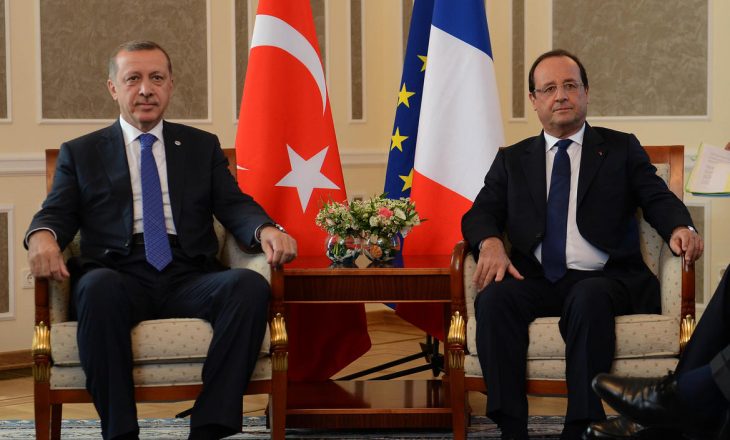 Franca reagon për referendumin në Turqi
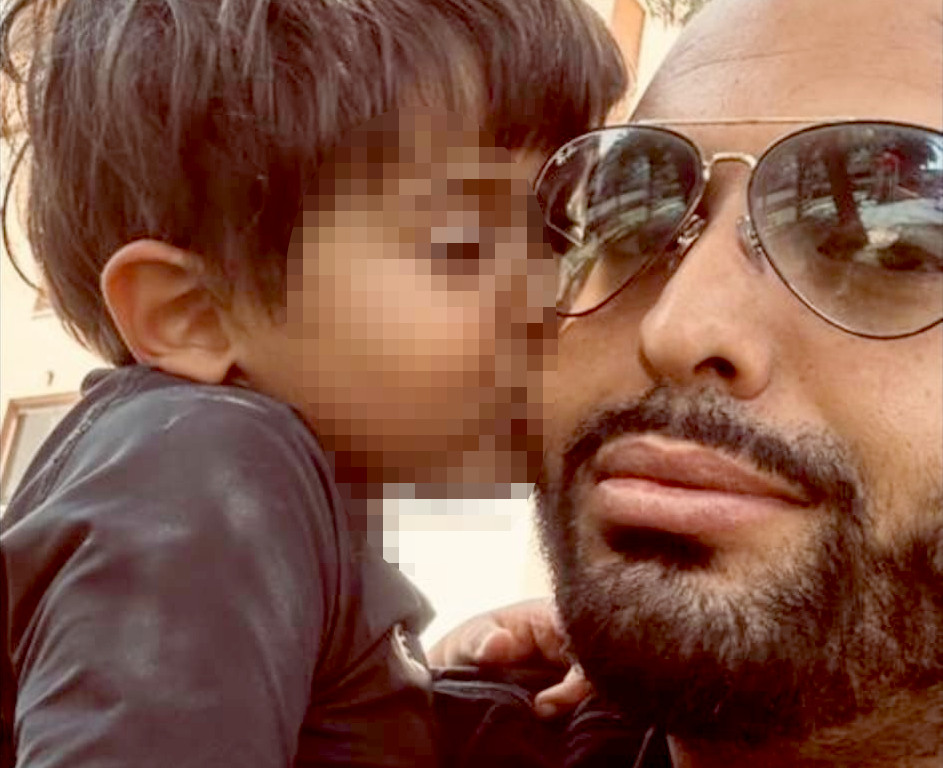 Haitam Mejri con su hijo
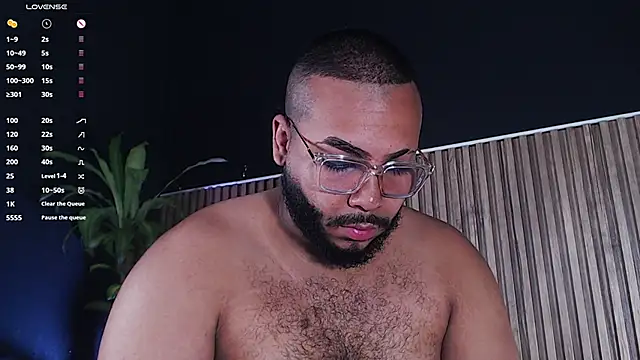 Snapshot of DilanJonnes_ chatting on January 10, 2025, 11:18 pm DilanJonnes  online show from January 10, 2025, 11:18 pm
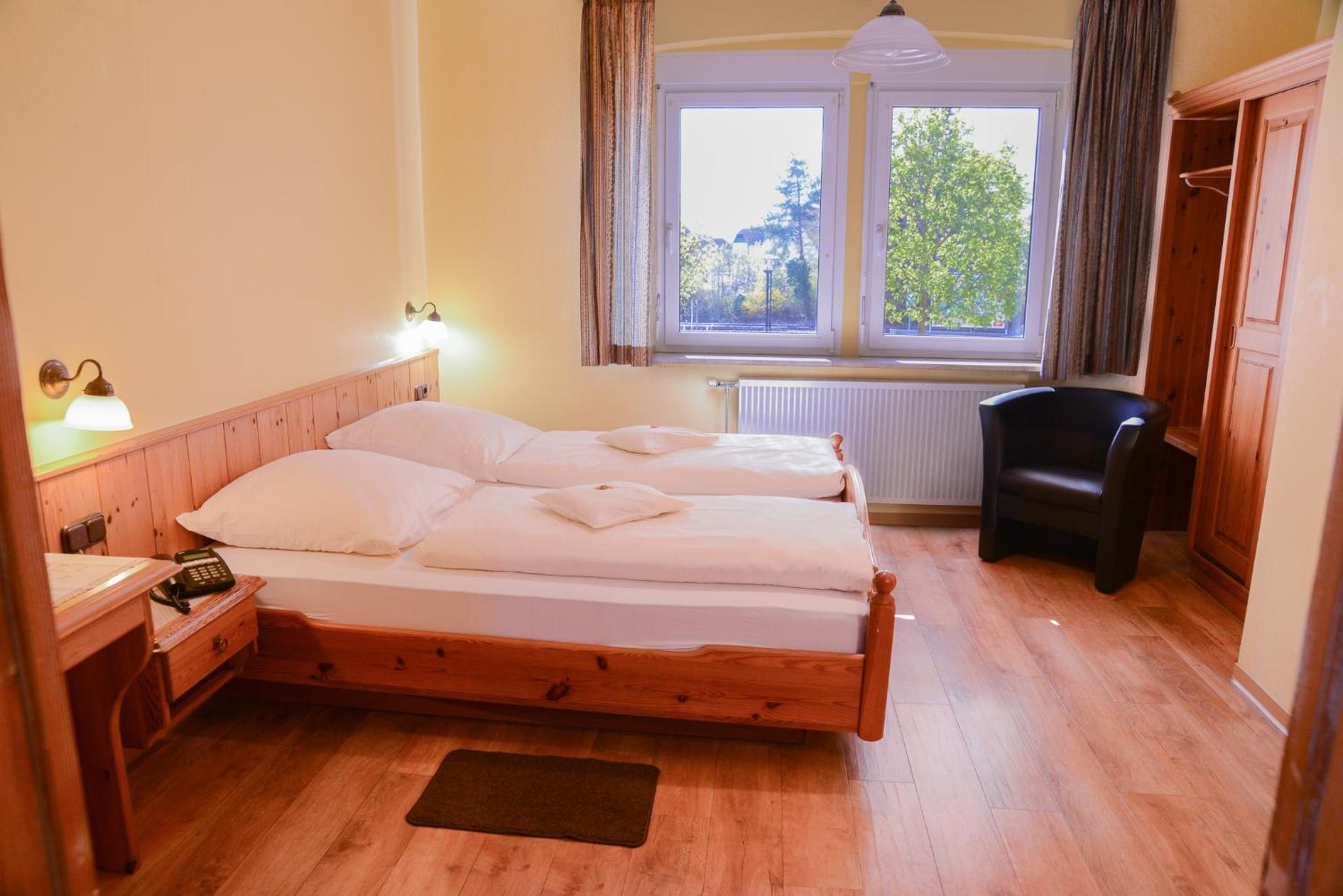 Budget Double Room - Photo 5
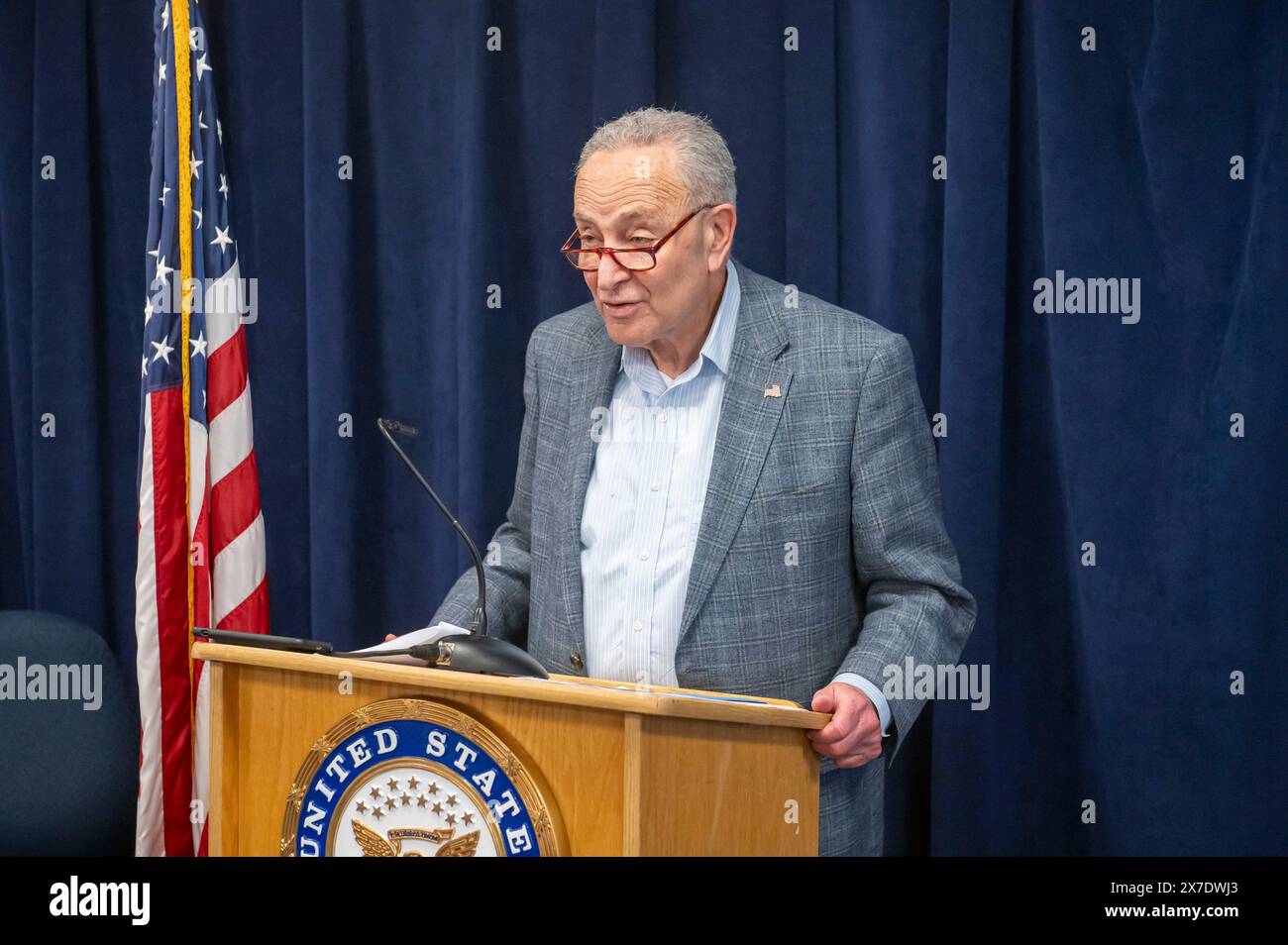 New York, États-Unis. 19 mai 2024. NEW YORK, NEW YORK - 19 MAI : le leader de la majorité au Sénat, le sénateur américain Chuck Schumer (d-NY) dit que le tribunal du Texas qui bloque maintenant le plafond des frais de retard de 8 $ devrait se ranger du côté des consommateurs dès maintenant après la nouvelle décision de la Cour suprême donne l'espoir que le plafond des frais de retard de 8 $ pourrait survivre le 19 mai 2024 à New York. Crédit : Ron Adar/Alamy Live News Banque D'Images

● ● ●

• _TASK TO COMPLETE_
An exact reproduction of the data is needed, with no pictures included.

• _WRITTEN SOLUTION_
 Franca reagon për referendumin në Turqi
 Haitam Mejri con su hijo
 Snapshot of DilanJonnes_ chatting on January 10, 2025, 11:18 pm DilanJonnes  online show from January 10, 2025, 11:18 pm
 Budget Double Room - Photo 5
 New York, États-Unis. 19 mai 2024. NEW YORK, NEW YORK - 19 MAI : le leader de la majorité au Sénat, le sénateur américain Chuck Schumer (d-NY) dit que le tribunal du Texas qui bloque maintenant le plafond des frais de retard de 8 $ devrait se ranger du côté des consommateurs dès maintenant après la nouvelle décision de la Cour suprême donne l'espoir que le plafond des frais de retard de 8 $ pourrait survivre le 19 mai 2024 à New York. Crédit : Ron Adar/Alamy Live News Banque D'Images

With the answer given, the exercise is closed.